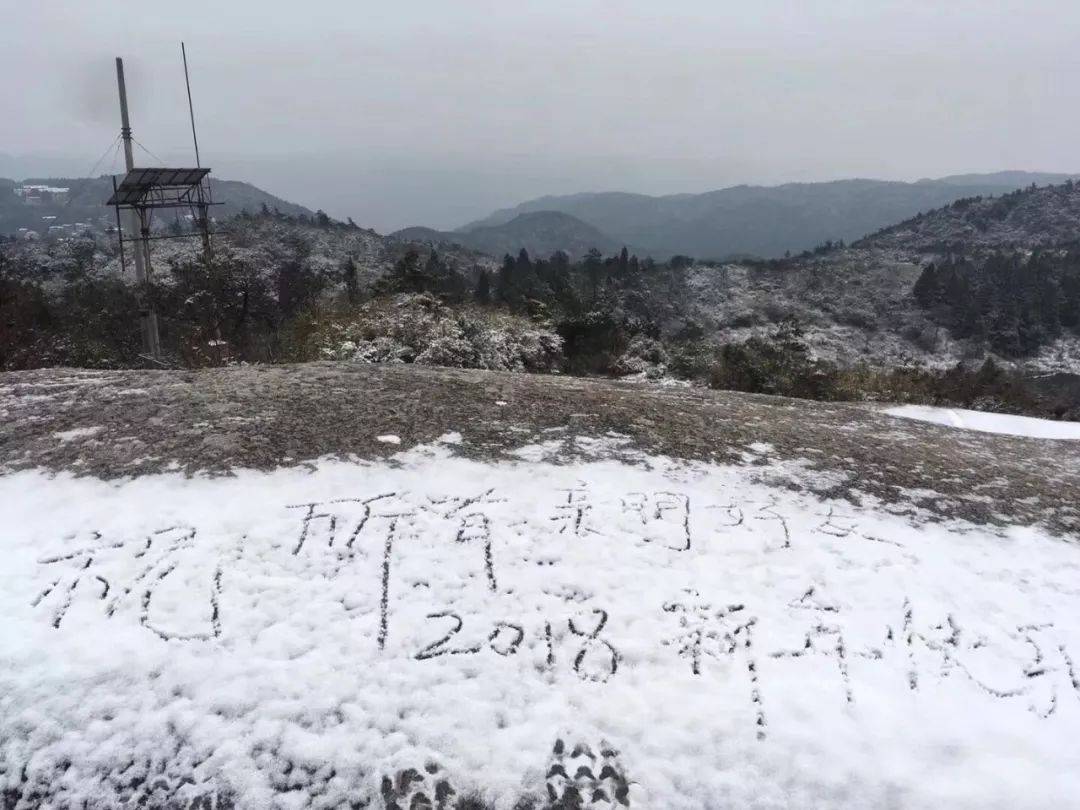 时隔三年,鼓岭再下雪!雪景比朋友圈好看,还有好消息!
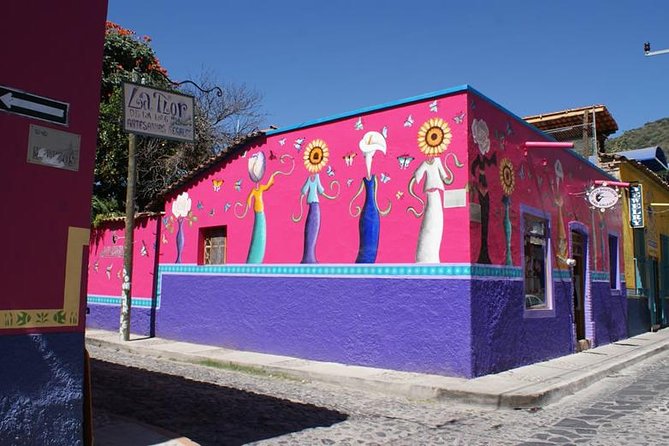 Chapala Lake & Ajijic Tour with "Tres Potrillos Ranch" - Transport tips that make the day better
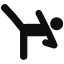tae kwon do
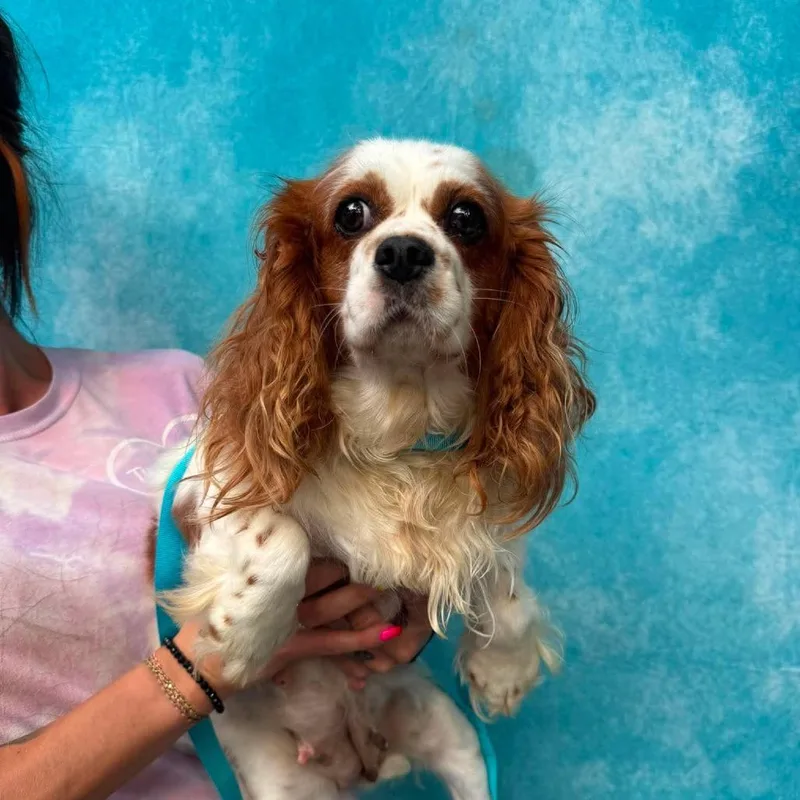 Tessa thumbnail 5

* * *

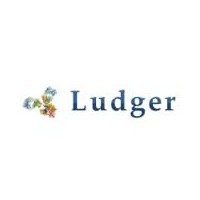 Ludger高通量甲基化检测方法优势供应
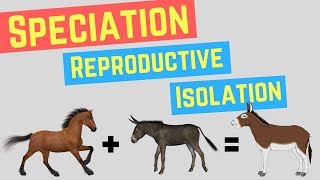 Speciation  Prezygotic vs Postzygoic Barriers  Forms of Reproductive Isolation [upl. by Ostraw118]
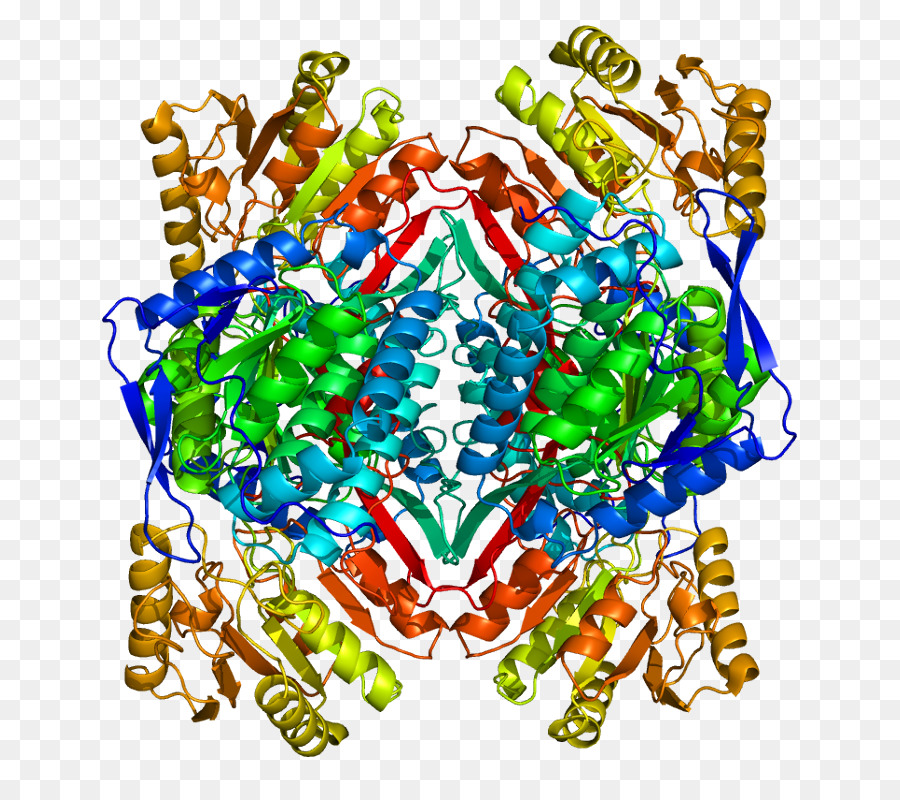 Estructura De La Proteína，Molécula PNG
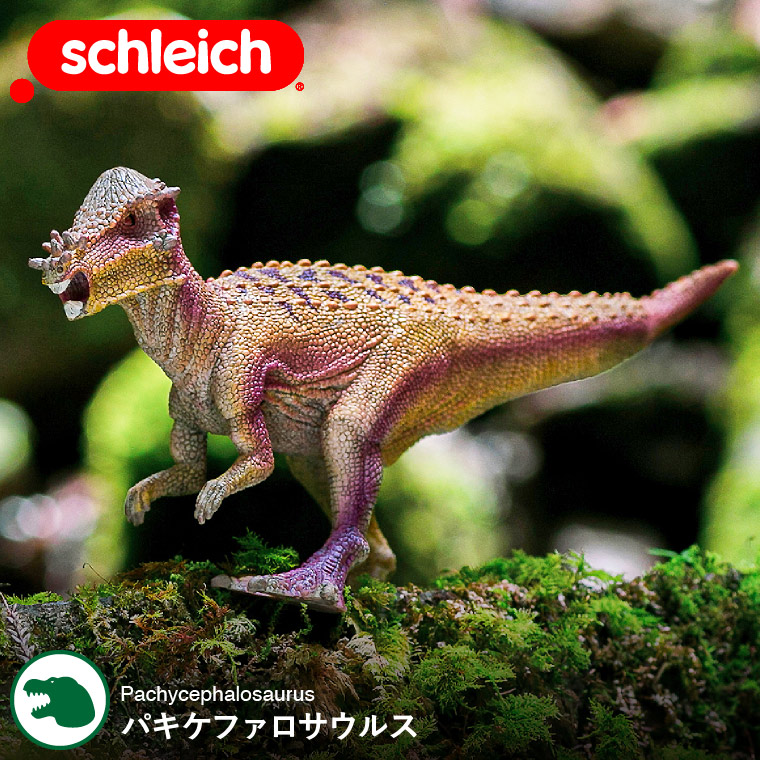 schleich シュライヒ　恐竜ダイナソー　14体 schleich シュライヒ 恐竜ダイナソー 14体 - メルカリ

• What is required:
I'd like the lines above repeated exactly, from the one that contains "Chapala Lake &" through the one that contains "Tessa thumbnail 5", with no pictures.

• Task answer:
 Chapala Lake & Ajijic Tour with "Tres Potrillos Ranch" - Transport tips that make the day better
tae kwon do
 Tessa thumbnail 5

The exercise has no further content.